Prices on the high street have risen for the second month on a row, as a lengthy period of price deflation comes to an end.

The BRC-Nielsen Shop Price Index showed that overall shop price inflation was 0.2% in September, up on August’s 0.1% and the second consecutive month of increases.

Non-food price deflation was -0.9%, easing from August’s -1.0%. The clothing sector had the lowest level of deflation since November 2017, as the focus shifted to new autumn ranges and full price sales.

Food inflation was steady at 1.9% last month, while fresh food inflation increased to 1.6% from 1.5% in August. Ambient food inflation slowed to 2.4% from 2.5% in August.

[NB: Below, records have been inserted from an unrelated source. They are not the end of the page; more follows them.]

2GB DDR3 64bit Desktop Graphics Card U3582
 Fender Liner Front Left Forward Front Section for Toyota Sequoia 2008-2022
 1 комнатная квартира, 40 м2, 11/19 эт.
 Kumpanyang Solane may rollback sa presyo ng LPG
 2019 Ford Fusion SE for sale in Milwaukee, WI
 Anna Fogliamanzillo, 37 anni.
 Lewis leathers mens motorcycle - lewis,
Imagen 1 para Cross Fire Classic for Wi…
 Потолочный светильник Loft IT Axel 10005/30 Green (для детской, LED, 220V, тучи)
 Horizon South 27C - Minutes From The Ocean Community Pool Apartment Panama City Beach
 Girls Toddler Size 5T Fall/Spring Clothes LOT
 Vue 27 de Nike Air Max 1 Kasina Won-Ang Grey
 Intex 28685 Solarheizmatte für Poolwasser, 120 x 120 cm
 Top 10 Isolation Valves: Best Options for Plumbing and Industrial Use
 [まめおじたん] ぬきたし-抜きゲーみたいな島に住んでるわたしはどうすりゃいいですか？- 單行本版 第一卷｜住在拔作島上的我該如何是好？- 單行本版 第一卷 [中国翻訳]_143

Helen Dickinson, chief executive of the British Retail Consortium, warned that after five years of deflation, further price increases were likely.

“Global commodity conditions, in particular oil prices, would indicate that there are likely to be further inflationary pressures in the sort to medium term which could lead to further price rises,” she argued.

“This would be worrying enough for hard-pressed British consumers if we weren’t staring down the barrel of a no-deal Brexit. Food prices alone have now been inflationary for more than a year and the BRC estimates that consumers could face up to a 29% increase in prices of products such as beef in the event of a no-deal.

“This is not good news for UK shoppers, who out of all the stakeholders in the Brexit process ultimately have to the most to lose.”

Mike Watkins, head of retailer and business insight at Nielsen, noted: “Despite the return of wage growth across the economy, there continues to be pressure on the consumer wallet, in particular from higher energy and travel costs. The good news for shoppers is that shop price inflation continues to lag the consumer price index.”

Greg Lawless, analyst at Shore Capital, said: “In our view, food inflation remains manageable for consumers. UK living standards continue to rise, albeit modestly. The recent rise in the price of oil – now touching $85 a barrel – is starting to be felt at the forecourt which continues to put further pressures on disposal income.”

He added: “Despite the ongoing uncertainly from the prolonged Brexit negotiations, UK consumers continue to be cautious but resilient and to get on with their lives.”